I like the simplicity of the approach and can see that it is an improvement
over the current implementation in typical scenarios. But I would like to
see Jun's proposal to mute sockets explored further. With the proposal in
the KIP to limit queue size, I am not sure how to calculate the total
memory requirements for brokers to avoid OOM, particularly to avoid DoS
attacks in a secure cluster. Even though the KIP says, the actual memory
bound is "queued.max.bytes + socket.request.max.bytes",  it seems to me
that even with the queue limits, brokers will need close to
(socket.request.max.bytes
* n) bytes of memory to guarantee they don't OOM (where n is the number of
connections). That upper limit is no different to the current
implementation.
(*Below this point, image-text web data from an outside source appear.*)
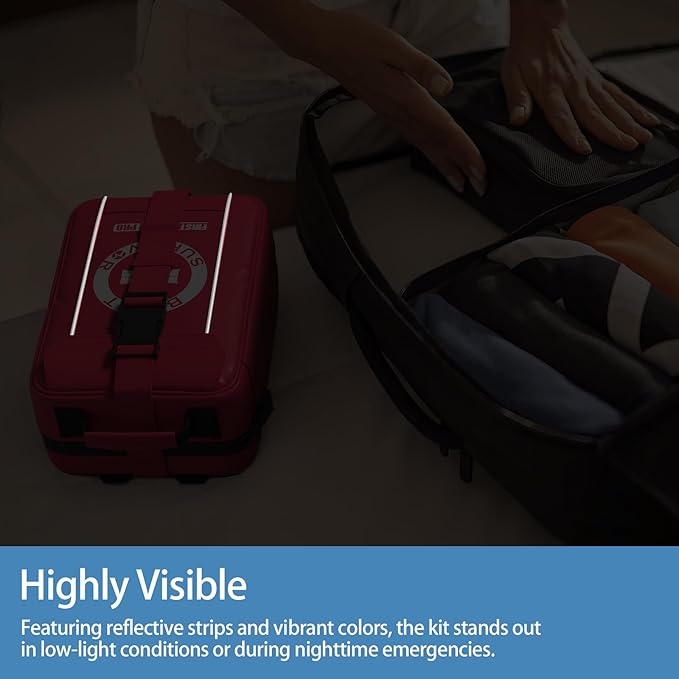 Comprehensive First Aid Kit -Labeled Compartments for Trauma & Emergencies, Compact Emergency Kits for Car, Boats, Camping, Hurricanes and Outdoor Emergencies Survival -265 Piece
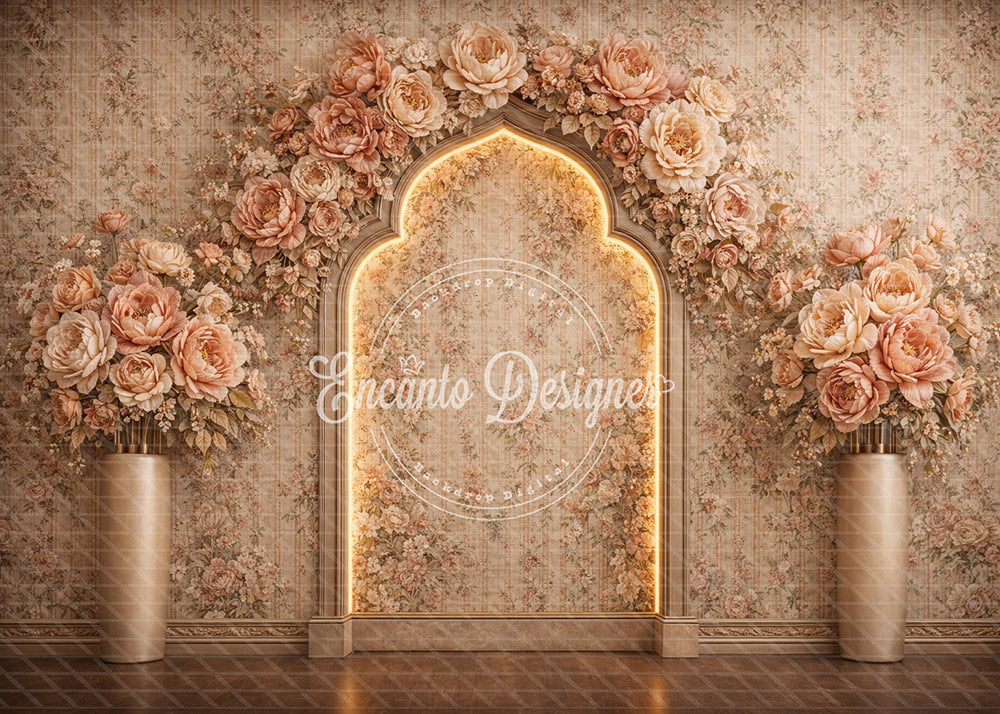 Avezano Peach Floral Neon Arch Photography Background By Encanto Designer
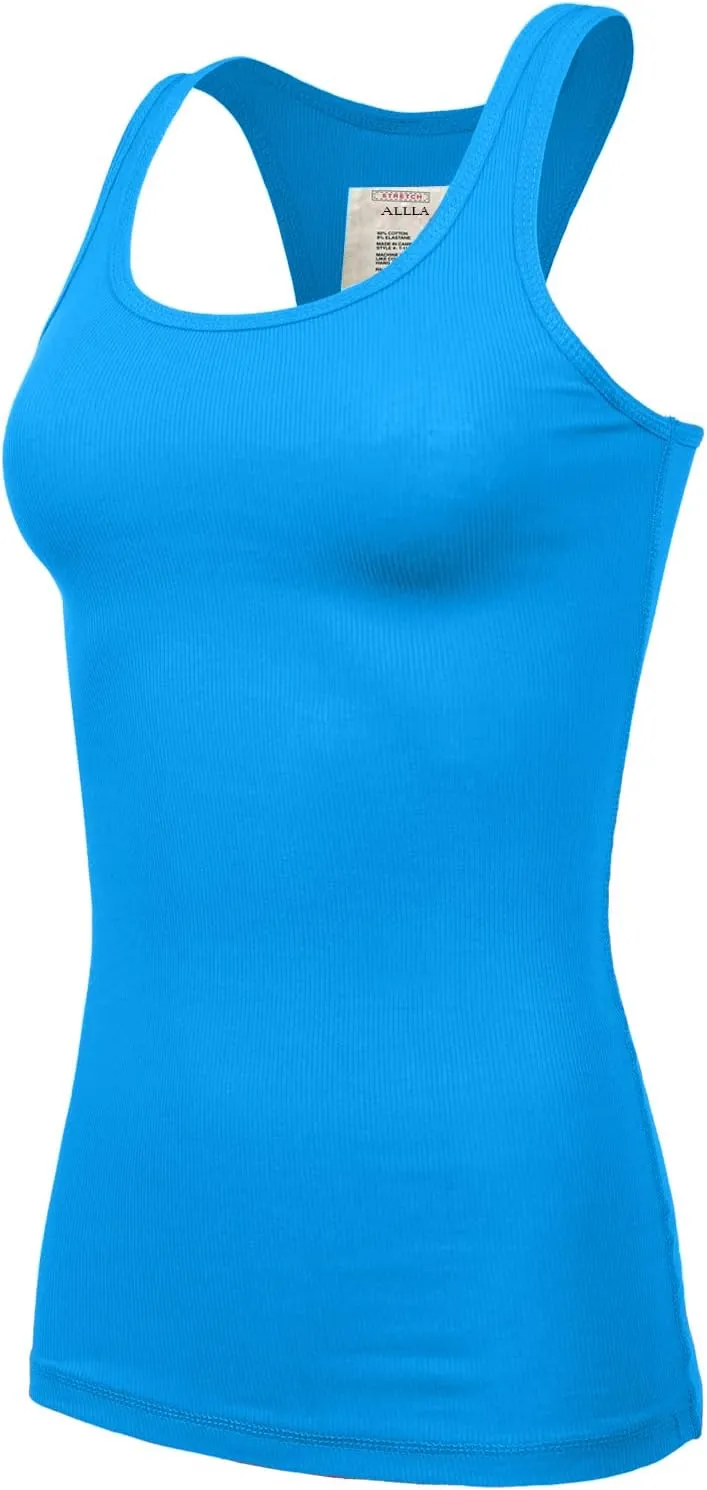 Women's Racerback Tank Top Layering Ribbed Basic Undershirt (S-3X)
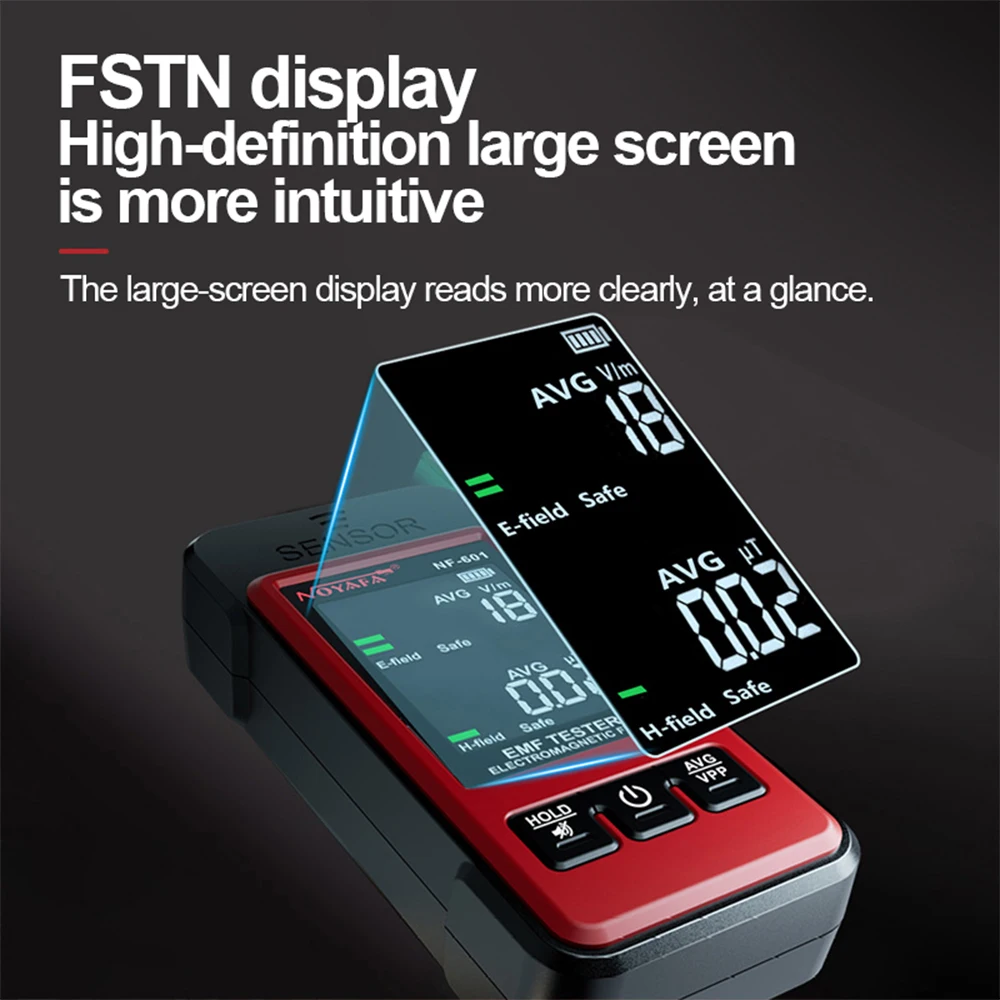 NOYAFA NF-601 Radiation Detector Geiger Counter Meter Electromagnetic Radiation Tester Dosimeter with Sound and Light Alarm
With client quotas that delay responses and client requests
that may be retried due to blocking processors, as soon as there is space
in the request queue that unblocks the processor, the next select operation
could read in a lot of data from a lot of connections. So controlling the
amount of data read from the socket could be as important as controlling
the request queue size.

Don't mind this being done in two stages, but it will be good to understand
what the final solution would look like before this one is committed.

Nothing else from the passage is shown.